Bir gün kendime böyle bir ceza vereceğim hiç aklıma gelmezdi. Neden verdiysem? Ama artık tutmalıyım: hafta sonu bilgisayar yasağı sözümü. Bilgisayarsız ama onurluyum ne de olsa. Of off günler, saatler bir türlü geçmiyor. Şimdi patlayacağım. Hâlbuki iki adım ötemde, işte kanepenin üstünde o güzel varlık. Yo yo olmaz pes edemem. Kitap mı okusam, ama zaten sabahtan beri kitap okuyorum. Canım bilgisayar dışında hiçbir şey istemiyor.

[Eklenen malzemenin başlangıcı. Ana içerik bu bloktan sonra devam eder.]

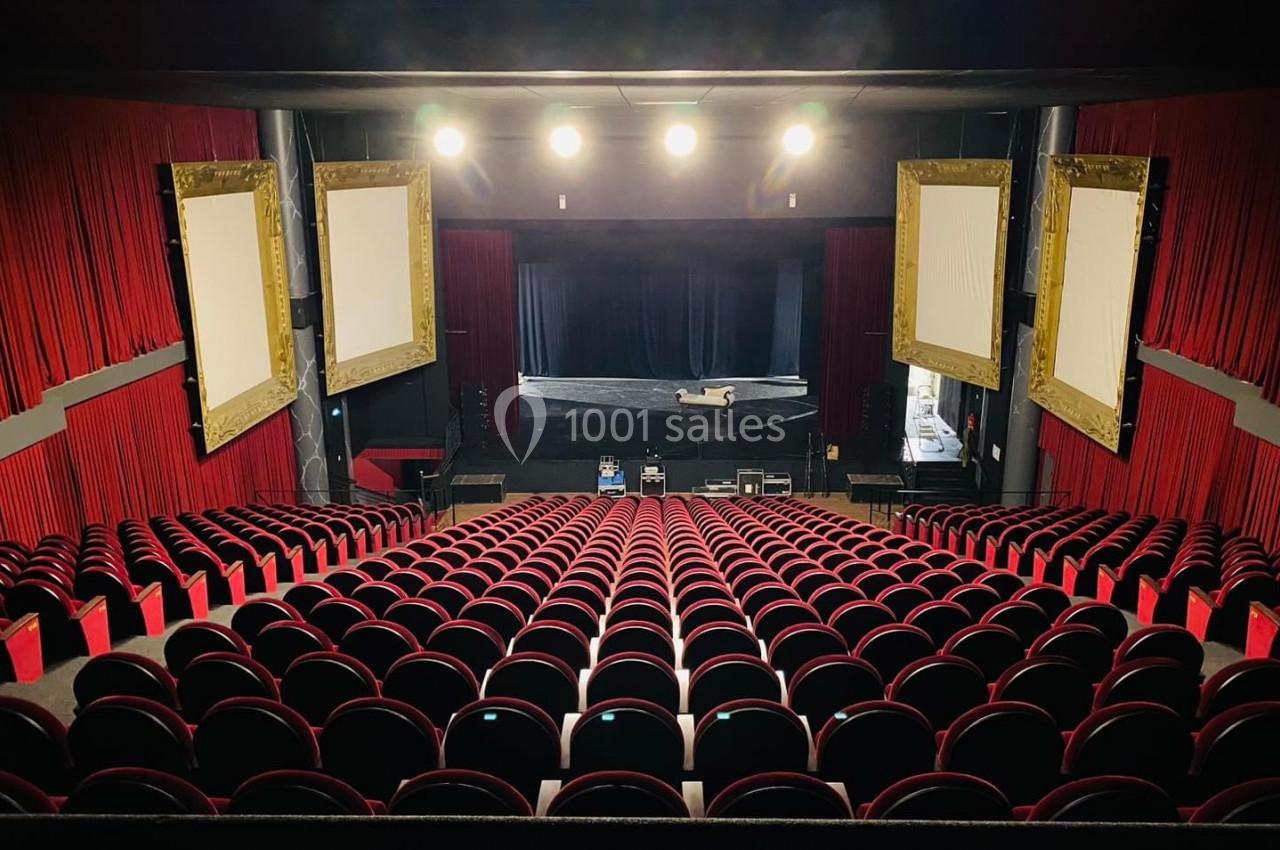 Salle de théâtre vide avec des rangées de sièges rouges, une scène éclairée et des rideaux rouges encadrant l'espace.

İşte böyle bir süre bunalım içinde geçirdim saatlerimi. Ancak akşam yemeğinden sonra fark edebildim kendimi bilgisayarla sınırlayanın kendim olduğunu ve Pazar günü için harika planlar hazırladım.
Sabahın ilk ışıkları yüzüme vurur vurmaz kalktım. Ezber yapmaya başladım. Kahvaltıdan sonra Kur’ân çalıştım. Hadis, ilmihal, Arapça derken günün sonunda hiç bilgisayar aramadığımı fark ettim. Tabii bu çalışmalarımla bazılarını da kıskandırmıştım. Yaşasın bilgisayarsız hayat! Diyorum. Tabii bu Pazartesi günü bilgisayara sarılmayacağım anlamına gelmiyor.